Not only have I used it, but I was on the c# team when we tried to actually use it realistically in production. We had to discontinue the idea for many problems (perf being a particular large one of those). :-)

Glad I added the caveat about being wrong then! Perf was definitely an issue which is why I would always advocate for a more refined scope of contract options (dropping things like invariants, perhaps only offering pre-conditions to start with etc...).

The reason I said that though, was that your contributions seemed to dismiss what people did find useful about contracts, rather than contribute on how to rework the concept into something that would meet the bar as a language feature. I think most here are realistic about why Method Contracts as it was would never make it.

At a high level I like the idea of describing complex constraints inline in code.
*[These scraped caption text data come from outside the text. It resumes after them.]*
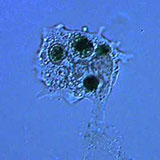  Amoeba 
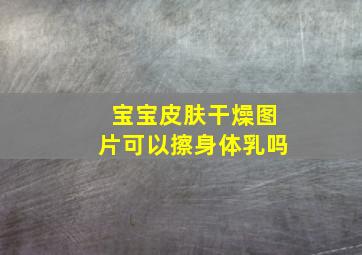 宝宝皮肤干燥图片可以擦身体乳吗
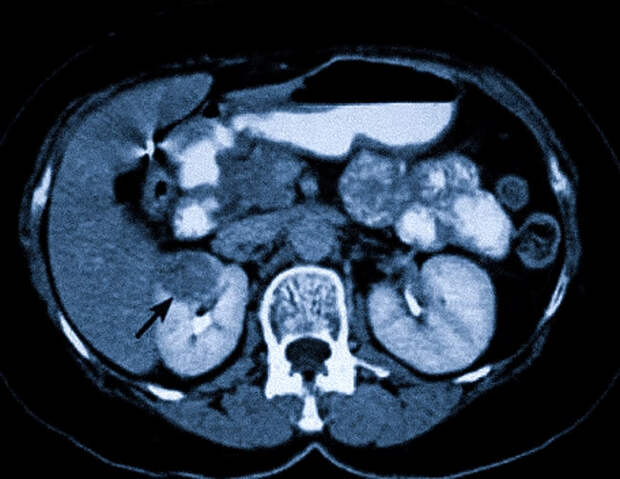 Исследование забрюшинного пространства методом магнитно-резонансной томографии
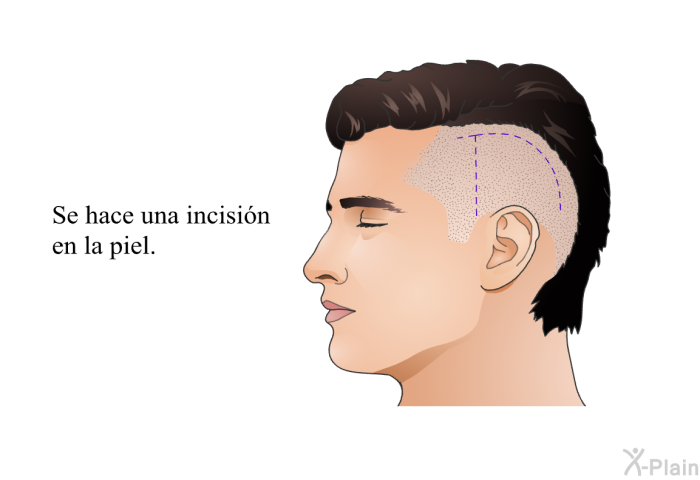 Se hace una incisi�n en la piel.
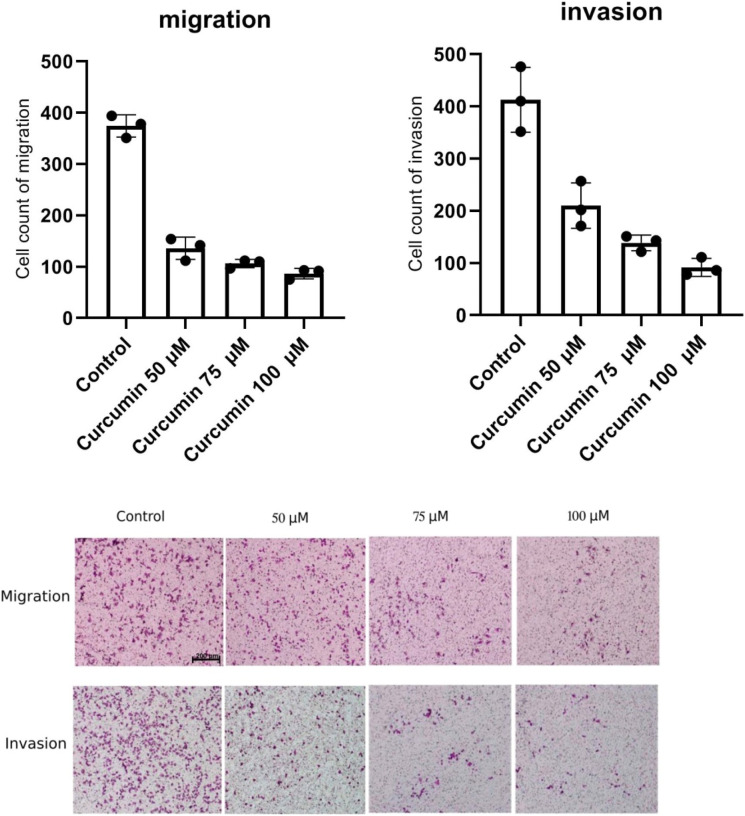 Curcumin's Dose-Dependent Attenuation of Gastric Cancer Cell Progression Via the PI3K Pathway Blockade.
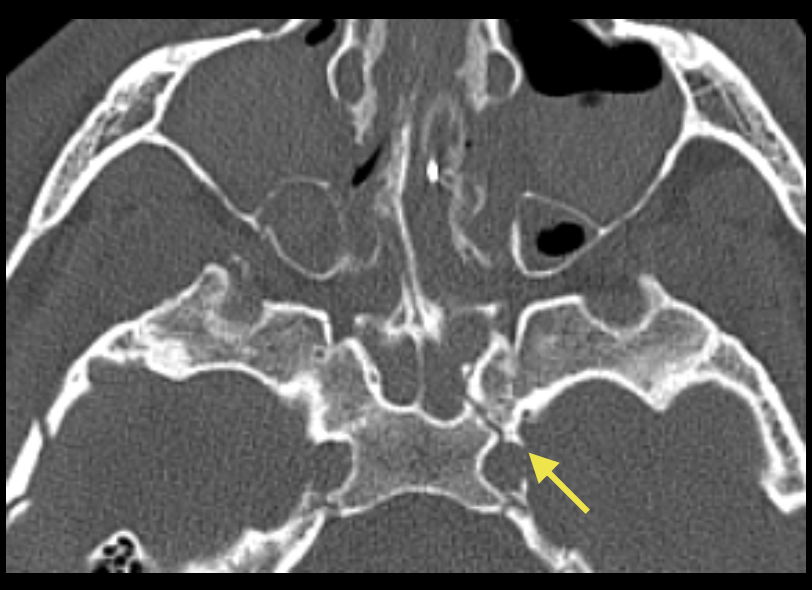 <p>C’est une fracture rarement isolée donc il faut chercher d’autres foyers de fracture ainsi qu’une atteinte du canal carotidien.</p>
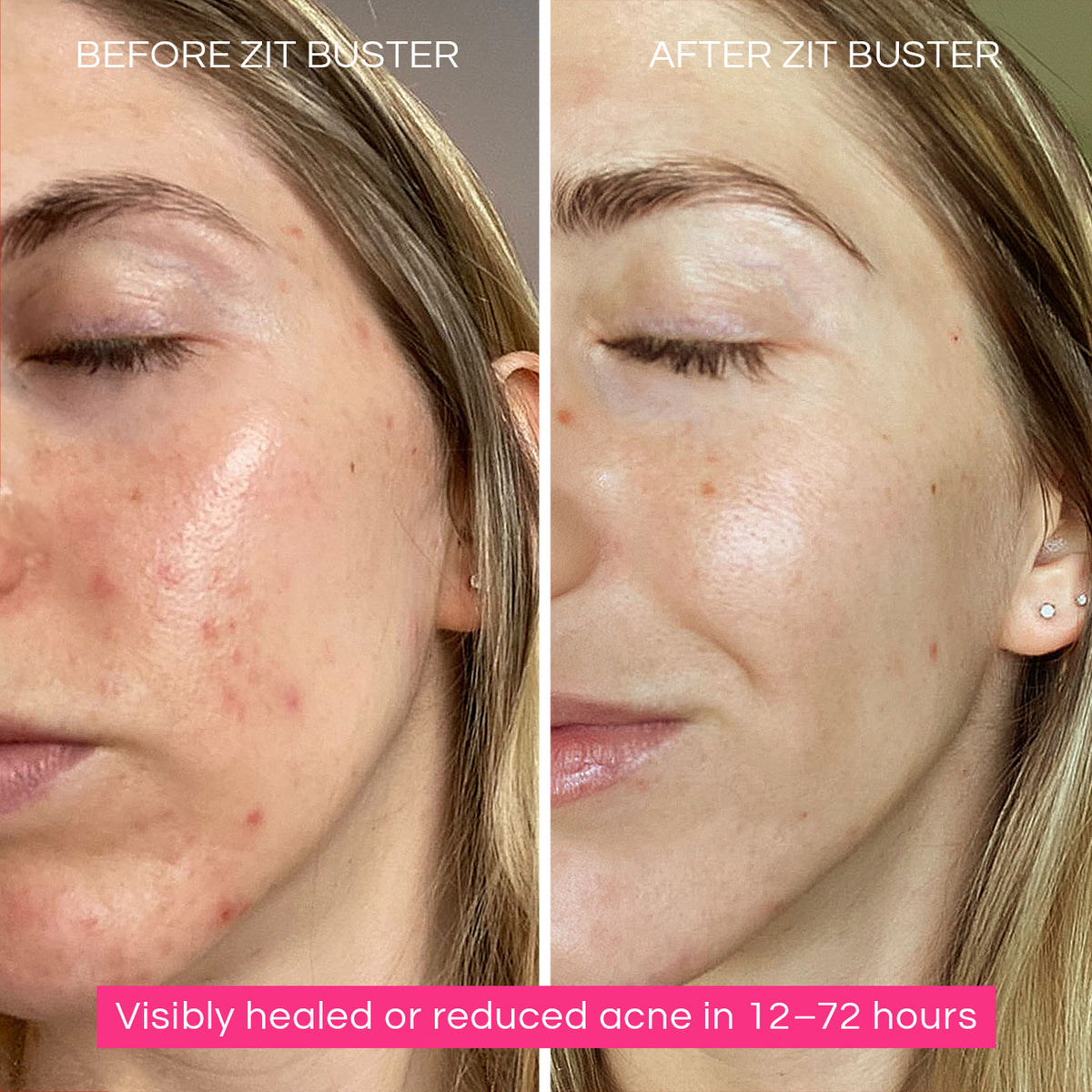 Before and after Zit Buster showing visible acne reduction in as little as 12 hours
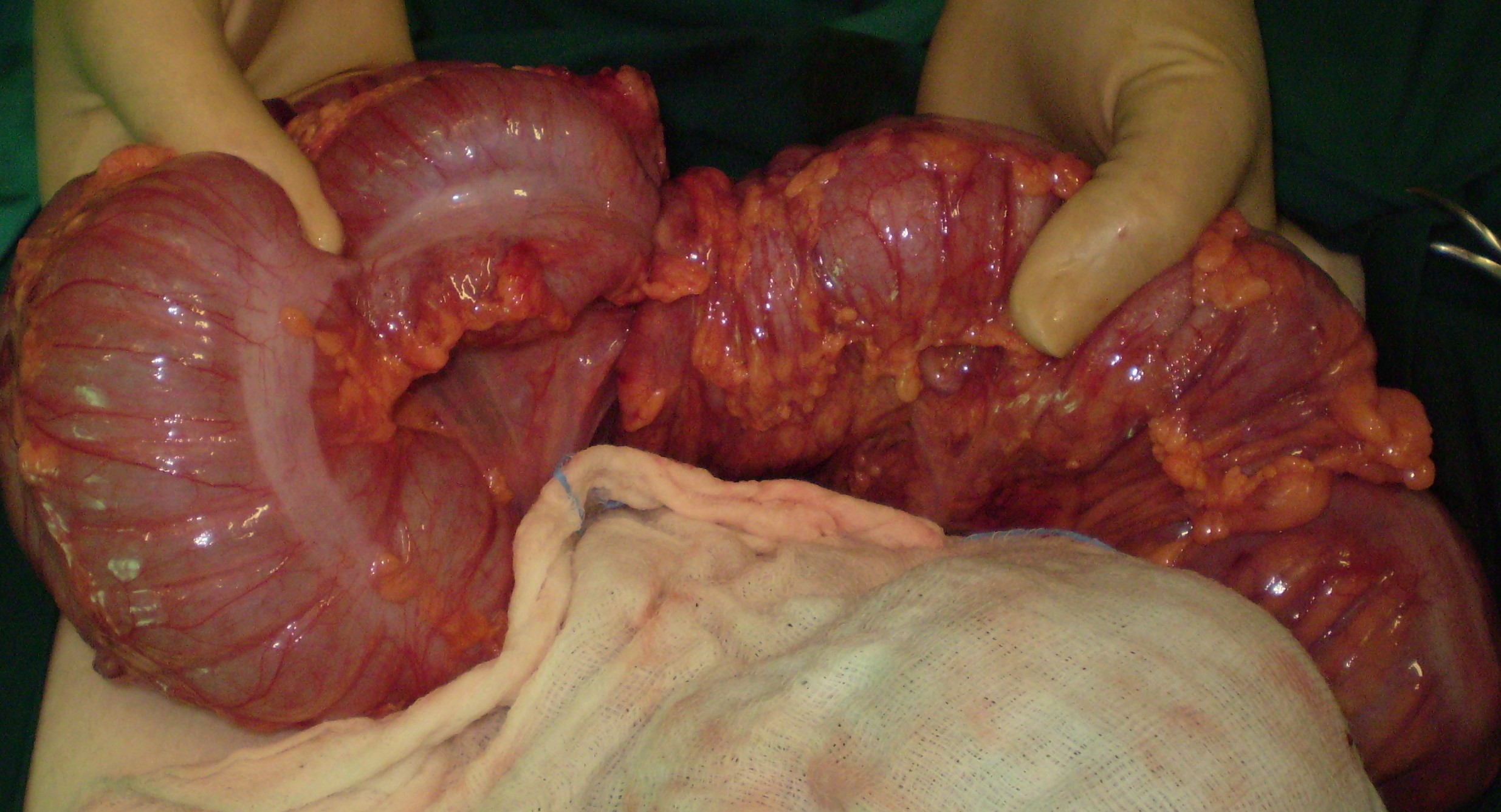 Specimen of trisegmentectomy of the right lobe of the liver (Courtesy Dr. V. Penopoulos)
Not scattered off in separate types. Not implied by various test suites. Directly in my code. Without contracts we tend to use repetitive inline guard clauses (if you are lucky) and tests, plus we obviously do not have the same guard metadata model for use in API definitions and enforcement.

Obviously, the original implementation had some other cool features (inference for example), but personally I do not consider much from the original implementation to be sacred in the process of getting the concept adopted as a language feature.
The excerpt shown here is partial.